- _YOUR ASSIGNMENT_:
Copy out the lines of the records below, and only those lines, from the one with "Una habitación con" through the one with "May include: A", exactly as they appear.

- _GIVEN DATA_:
__________

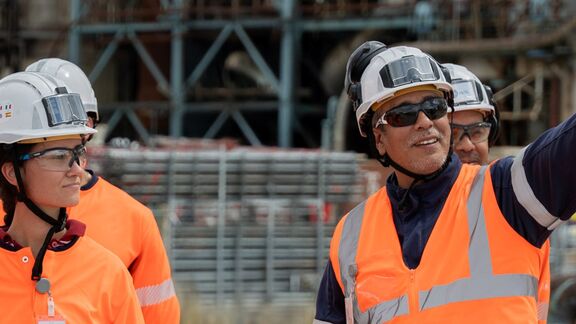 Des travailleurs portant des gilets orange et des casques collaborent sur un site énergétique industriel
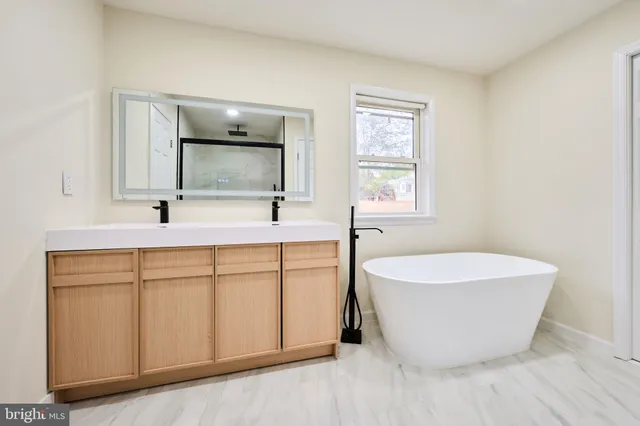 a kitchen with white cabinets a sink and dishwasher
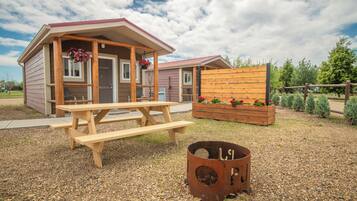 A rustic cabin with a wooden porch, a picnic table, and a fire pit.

__________

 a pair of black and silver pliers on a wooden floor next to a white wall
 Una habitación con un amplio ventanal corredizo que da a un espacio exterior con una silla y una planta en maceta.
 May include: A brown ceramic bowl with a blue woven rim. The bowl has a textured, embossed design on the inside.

__________

- _RESULT OF THE TASK_:
 Una habitación con un amplio ventanal corredizo que da a un espacio exterior con una silla y una planta en maceta.
 May include: A brown ceramic bowl with a blue woven rim. The bowl has a textured, embossed design on the inside.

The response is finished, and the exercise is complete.